Another feature of the polls is that they tend to give PSOE + UP about the same number of seats the parties got at the last election, slightly over 160 while a parliamentary majority requires 175. Polls give the centre right parties PP + Ciudadanos a few more seats, but usually short of 170. So, Spain is headed for the same arithmetically possible coalitions as in the previous elections. Another feature of the polls is that PP and UP have been rising steadily in the poll averages since the end of March, with PSOE and Ciudadanos declining. This bears out the conventional wisdom that repeat elections polarise the vote.
The prospect of a Podemos-led alliance becoming the leading party of the left has both the PSOE and PP attacking UP as a "communist" and "radical" alliance. The PSOE's lead economic advisor Jordi Sevilla, a former minister who took a leading role in the technical teams negotiating a government in the past few months, has ruled out an alliance with Podemos after the June election under any circumstances.
But, even if UP managed to win the election, their joint programme is less threatening to the status quo as one might think. This at least is the conclusion of Bill Mitchell. He notes that Podemos, for all its anti-establishment rhetoric, has attempted to distance itself from the traditional left and to win over the centre by presenting itself as a 'new Keynesian' party - with an economic programme of investment, social rights and redistribution - in the framework of the European Union. IU had been more radical, with its Communist roots, and left euroscepticism, but in the 50-point government programme agreed with Podemos they abandon their most radical positions.
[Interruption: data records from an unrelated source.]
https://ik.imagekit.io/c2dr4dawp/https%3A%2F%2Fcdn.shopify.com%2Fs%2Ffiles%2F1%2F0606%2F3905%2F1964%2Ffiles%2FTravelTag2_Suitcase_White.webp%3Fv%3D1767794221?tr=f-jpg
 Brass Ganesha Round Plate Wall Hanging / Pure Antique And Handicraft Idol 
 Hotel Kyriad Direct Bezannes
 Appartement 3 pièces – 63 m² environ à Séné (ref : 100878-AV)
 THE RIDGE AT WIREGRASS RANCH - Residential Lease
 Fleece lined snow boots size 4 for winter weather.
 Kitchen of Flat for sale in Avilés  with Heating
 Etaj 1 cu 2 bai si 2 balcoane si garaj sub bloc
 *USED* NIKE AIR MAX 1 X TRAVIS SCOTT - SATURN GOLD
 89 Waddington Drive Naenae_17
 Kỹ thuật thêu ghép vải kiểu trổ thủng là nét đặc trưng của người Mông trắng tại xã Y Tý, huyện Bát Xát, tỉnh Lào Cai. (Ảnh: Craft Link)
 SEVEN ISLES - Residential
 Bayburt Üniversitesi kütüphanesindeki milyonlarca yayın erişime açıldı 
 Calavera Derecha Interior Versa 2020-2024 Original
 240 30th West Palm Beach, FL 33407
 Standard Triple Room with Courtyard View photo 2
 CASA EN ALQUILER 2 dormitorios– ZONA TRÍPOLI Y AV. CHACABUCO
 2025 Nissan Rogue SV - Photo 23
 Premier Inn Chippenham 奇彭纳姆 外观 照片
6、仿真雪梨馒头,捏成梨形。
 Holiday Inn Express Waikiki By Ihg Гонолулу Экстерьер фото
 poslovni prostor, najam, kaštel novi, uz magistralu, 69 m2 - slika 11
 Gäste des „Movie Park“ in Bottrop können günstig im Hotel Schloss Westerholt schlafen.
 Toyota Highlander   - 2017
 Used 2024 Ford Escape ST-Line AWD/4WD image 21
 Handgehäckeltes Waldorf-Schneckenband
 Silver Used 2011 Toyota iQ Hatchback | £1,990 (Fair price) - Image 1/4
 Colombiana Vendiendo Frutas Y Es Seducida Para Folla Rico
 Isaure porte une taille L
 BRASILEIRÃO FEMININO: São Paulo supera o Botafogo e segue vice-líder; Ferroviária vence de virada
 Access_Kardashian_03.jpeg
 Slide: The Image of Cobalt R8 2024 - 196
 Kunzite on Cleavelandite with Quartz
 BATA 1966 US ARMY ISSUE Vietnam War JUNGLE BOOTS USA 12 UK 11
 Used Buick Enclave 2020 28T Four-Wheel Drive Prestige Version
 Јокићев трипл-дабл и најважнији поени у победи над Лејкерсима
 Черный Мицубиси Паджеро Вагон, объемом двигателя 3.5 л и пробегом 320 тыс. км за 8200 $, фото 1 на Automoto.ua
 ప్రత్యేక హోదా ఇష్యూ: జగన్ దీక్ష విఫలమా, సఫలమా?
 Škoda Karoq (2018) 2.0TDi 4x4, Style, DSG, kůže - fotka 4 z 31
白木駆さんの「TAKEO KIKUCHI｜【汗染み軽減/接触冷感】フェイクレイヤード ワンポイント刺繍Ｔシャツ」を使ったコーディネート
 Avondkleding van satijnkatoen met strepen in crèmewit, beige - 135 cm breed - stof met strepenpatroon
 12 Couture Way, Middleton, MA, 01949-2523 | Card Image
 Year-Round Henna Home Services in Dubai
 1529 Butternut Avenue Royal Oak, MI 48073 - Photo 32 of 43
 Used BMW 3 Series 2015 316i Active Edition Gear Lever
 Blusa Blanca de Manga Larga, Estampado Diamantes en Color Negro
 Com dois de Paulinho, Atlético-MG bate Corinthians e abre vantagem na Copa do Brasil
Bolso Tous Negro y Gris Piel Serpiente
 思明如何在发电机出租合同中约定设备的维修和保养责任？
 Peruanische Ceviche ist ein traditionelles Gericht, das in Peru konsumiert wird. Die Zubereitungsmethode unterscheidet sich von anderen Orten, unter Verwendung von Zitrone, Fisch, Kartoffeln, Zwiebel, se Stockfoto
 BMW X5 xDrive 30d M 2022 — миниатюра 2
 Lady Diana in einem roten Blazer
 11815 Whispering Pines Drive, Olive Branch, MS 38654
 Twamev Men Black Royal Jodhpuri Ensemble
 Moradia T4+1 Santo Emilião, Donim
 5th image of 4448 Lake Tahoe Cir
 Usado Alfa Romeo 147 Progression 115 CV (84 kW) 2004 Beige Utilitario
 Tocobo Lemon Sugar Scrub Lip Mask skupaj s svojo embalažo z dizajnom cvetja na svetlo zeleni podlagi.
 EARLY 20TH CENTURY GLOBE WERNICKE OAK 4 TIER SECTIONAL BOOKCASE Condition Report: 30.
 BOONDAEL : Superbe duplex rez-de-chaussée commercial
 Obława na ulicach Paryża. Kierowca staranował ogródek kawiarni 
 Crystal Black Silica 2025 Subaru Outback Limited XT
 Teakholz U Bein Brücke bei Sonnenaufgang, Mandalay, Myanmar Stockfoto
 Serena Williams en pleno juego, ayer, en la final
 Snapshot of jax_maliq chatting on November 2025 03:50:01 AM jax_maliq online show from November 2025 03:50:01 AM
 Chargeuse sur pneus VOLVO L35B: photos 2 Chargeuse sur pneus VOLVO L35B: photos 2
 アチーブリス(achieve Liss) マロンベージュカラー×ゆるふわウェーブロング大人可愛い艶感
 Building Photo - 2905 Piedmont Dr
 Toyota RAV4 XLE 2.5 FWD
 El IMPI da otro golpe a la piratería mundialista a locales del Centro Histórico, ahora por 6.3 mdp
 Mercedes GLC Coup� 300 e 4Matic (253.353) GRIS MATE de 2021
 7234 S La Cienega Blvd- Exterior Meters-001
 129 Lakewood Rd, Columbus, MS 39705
Mitchell notes that IU used to run on a platform including a limited job guarantee, but has given this up in favour of Podemos' preferred universal basic income proposal. Also, the 50-point programme includes a new deficit reduction path without ultimately challenging the logic of austerity.
"The problem is that this looks to be going down the Syriza path. Some sort of unbridled optimism that Spain is too big to be treated badly as it renegotiates the SGP etc. Syriza was quickly crushed because it had no Plan B – no exit threat – not because it was small. The new Podemos-IU, similarly, has no exit threat. Indeed, Podemos is pro-Euro and IU have been dragged along for the ride – perhaps hoping to sort things out later. No threat – no power."